Within the wasm-bindgen library there are probably better alternatives:

Additional Context

Since the macro solution can be implemented as a library, it may be possible to provide full code (or a release) on request.

Liamolucko commented 1 year ago

wasm-bindgen should only require struct fields to be sendable to JS if they're public. If JS doesn't actually need access to a field, you can disable exposing it to JS by either making it private or adding #[wasm_bindgen(skip)] to the field, e.g.:

#[wasm_bindgen]
pub struct Connector {
    #[wasm_bindgen(skip)]
    pub hidden: Box<dyn Display>,
}

// or

#[wasm_bindgen]
pub struct Connector {
    // note the lack of `pub`
    hidden: Box<dyn Display>,
}
HeroicKatora commented 1 year ago

Generally I'm more comfortable with having a type here instead of needing to tag each usage site with an attribute. Nevertheless, a wrapper with the attribute is probably also possible.

It doesn't fully address the problem, however. As far as I understand, values of type Connector will stay within the wbindgen heap when they are operated on (returned, used as parameters). Can this indirection be avoided? Since the same is not true when returning values of type String or some known box types for instance.

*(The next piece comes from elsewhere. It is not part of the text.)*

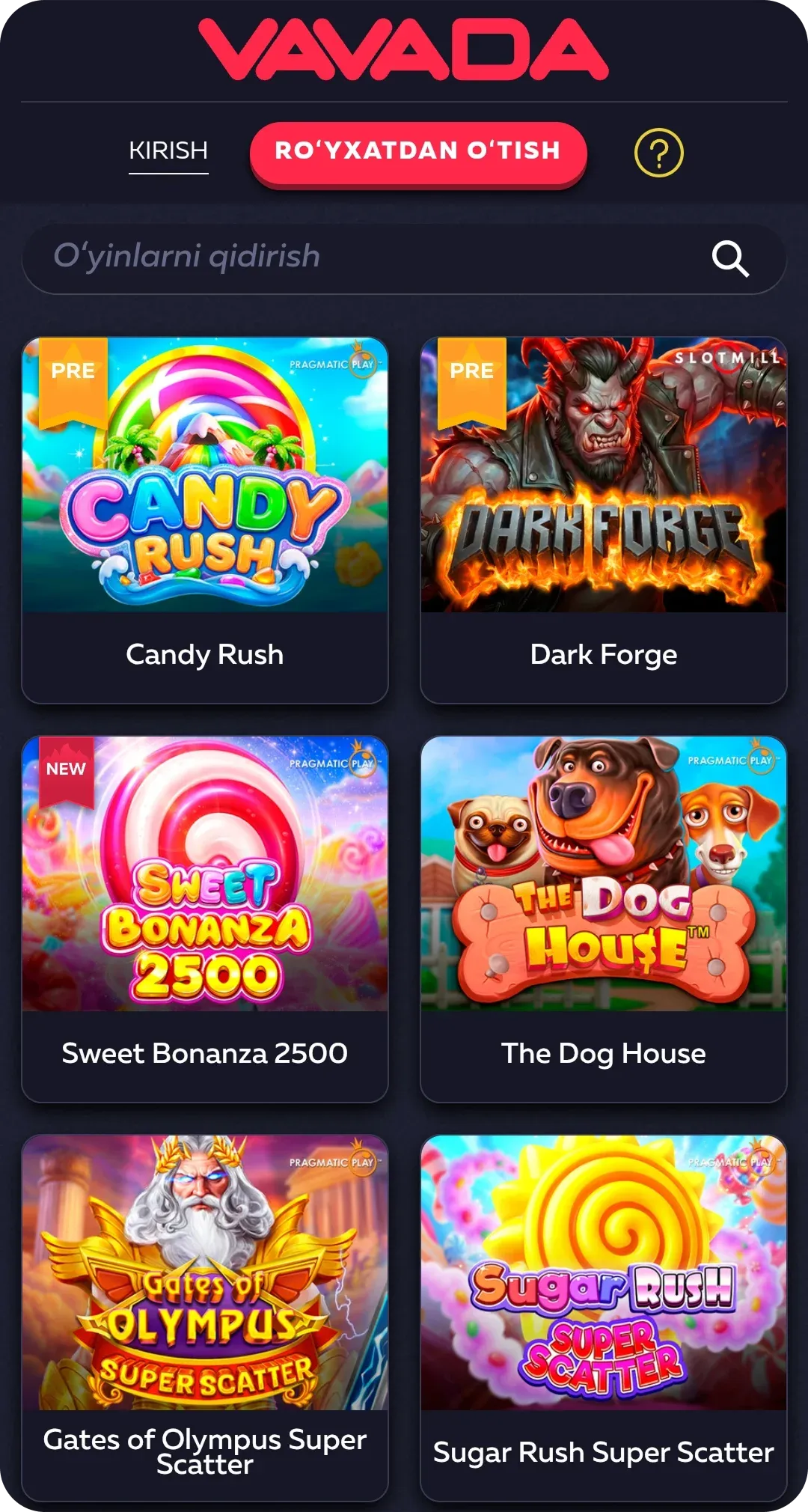 Android uchun Vavada slotlari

In a sense, it would seem that some wasm-bindgen generated values are already allocated into a stack, so it would make sense to me if it were possible to just change where it is allocated in particular if the allocator is the global one. That would avoid having to move the value from one heap/stack to another when taking it by value, too.

But depending on that answer, should this issue also be changed to a documentation tag? There's no mention how skip influences the requirements that are calculated, and the error message when missing the annotation suggests the ABI may be involved. How exactly does this work anyways.

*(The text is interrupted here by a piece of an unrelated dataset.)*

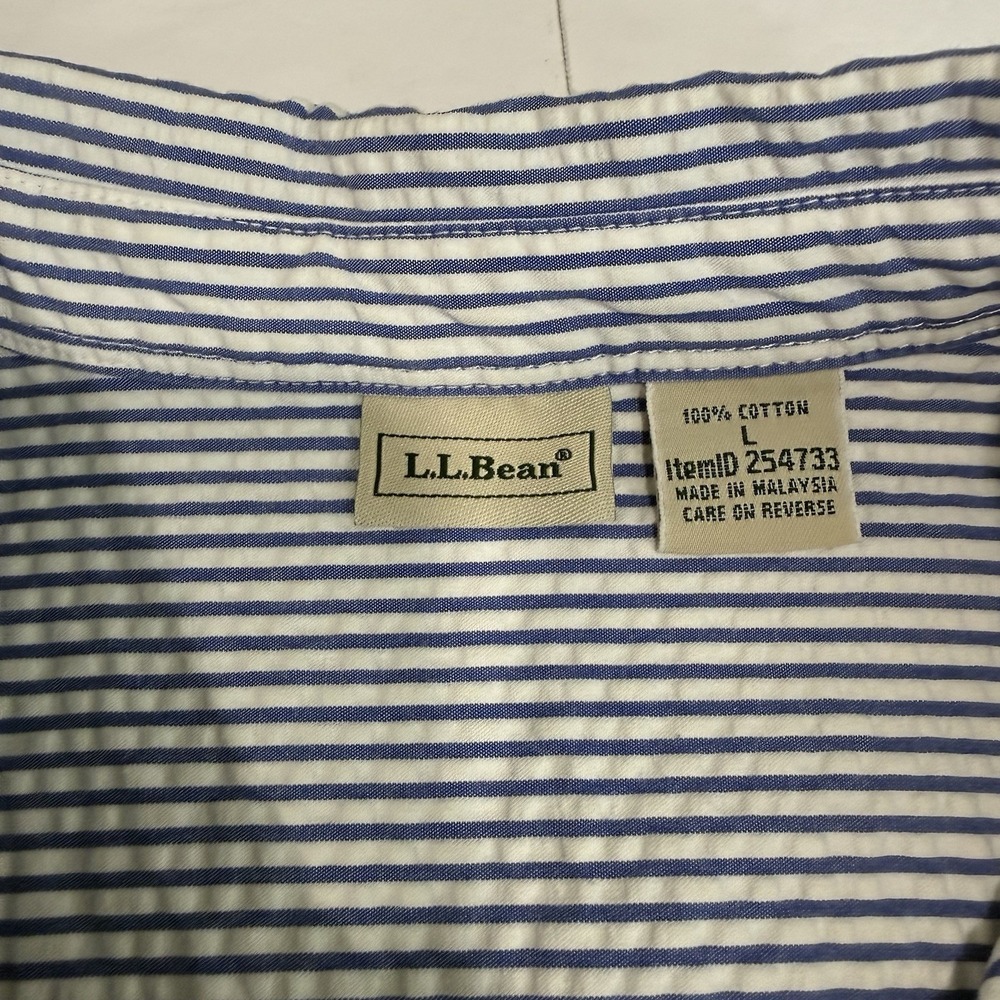 LL Bean Blue White Stripe 3/4 Sleeve‎ Button Up Cotton Seersucker Shirt LARGE - Picture 10 of 11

The error message without the attribute suggests, that each attribute must individually be sendable via the ABI. I don't know how feasible it is to improve the error message if the attribute is 'forgotten'.

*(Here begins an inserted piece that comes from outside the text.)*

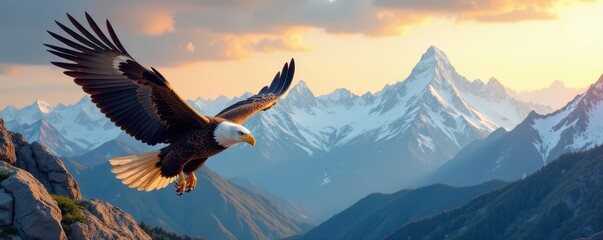 Fototapeta premium A majestic eagle soaring high above mountains, high altitude, sky photography, rock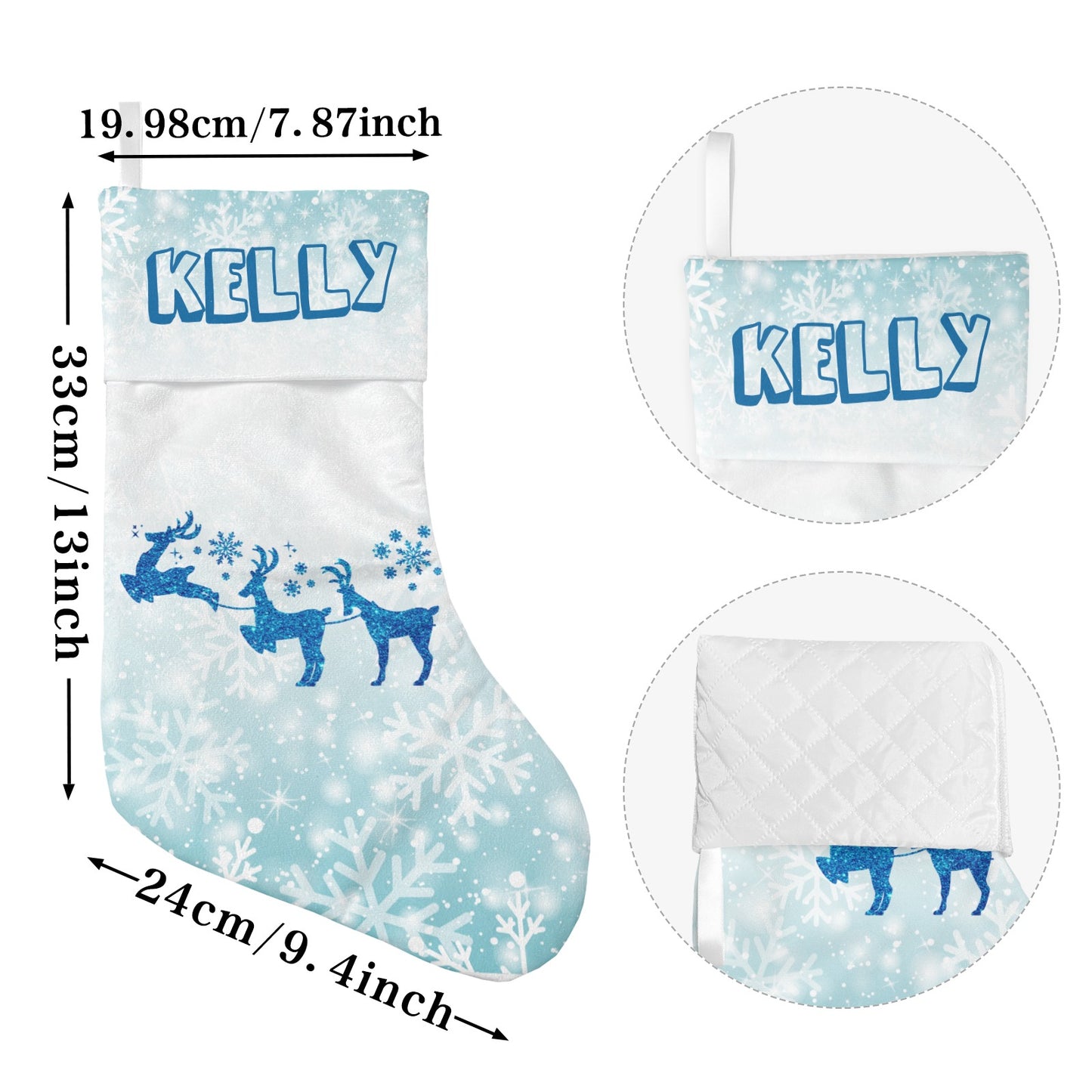 Blue Snowflake Reindeer Christmas Stocking Custom Name Santa Socks Gift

error[E0277]: the trait bound `Box<(dyn std::fmt::Display + 'static)>: IntoWasmAbi` is not satisfied
 --> src/lib.rs:8:1
  |
8 | #[wasm_bindgen]
  | ^^^^^^^^^^^^^^^ the trait `IntoWasmAbi` is not implemented for `Box<(dyn std::fmt::Display + 'static)>`
Liamolucko commented 1 year ago

It doesn't fully address the problem, however. As far as I understand, values of type Connector will stay within the wbindgen heap when they are operated on (returned, used as parameters). Can this indirection be avoided?

Not really. You could theoretically take all the object's state from Rust's memory and put it in a JS object, but that would mean having to copy it back again every time you want to call a method, since Rust can only operate on things inside its own memory. So, it'd be far less efficient.

You might be thinking of the other 'heap' used by wasm-bindgen, which stores JS values that have been passed to Rust. But that isn't even involved when using Rust values passed to JS.

HeroicKatora commented 1 year ago

When returning a Rust value whose type has #[wasm_bindgen] annotation on it, where is that value stored? As far as I can tell the representation on Js side ends up being pretty much: {ptr:usize}. Maybe this isn't always the case but the mechanism here is not really known to me. To the best of my reading of code this behavior is controlled mainly by IntoWasmAbi.

In effect, I'd like to take a Box's allocation directly and move the resulting pointer of it directly into ptr. (This seems similar to the ownership passing of JsValue). Even better would be more control, i.e. passing a fat pointer as a Js object with two pointer-sized attributes could still sometimes be preferrable over the indirection, yet I totally understand that changing the ABI types is much more complicated. A Box<T> or equivalent wrapper would not require such a change.

In the above, the extra complexity via Connector wrapper is not actually desirable. If possible, passing only the opaqued boxed attribute value via transferring its pointer over ABI would be better. Yet the structure is necessary to tag a field with the proc-macro (even though I misunderstood the need for a custom privacy macro, it seems).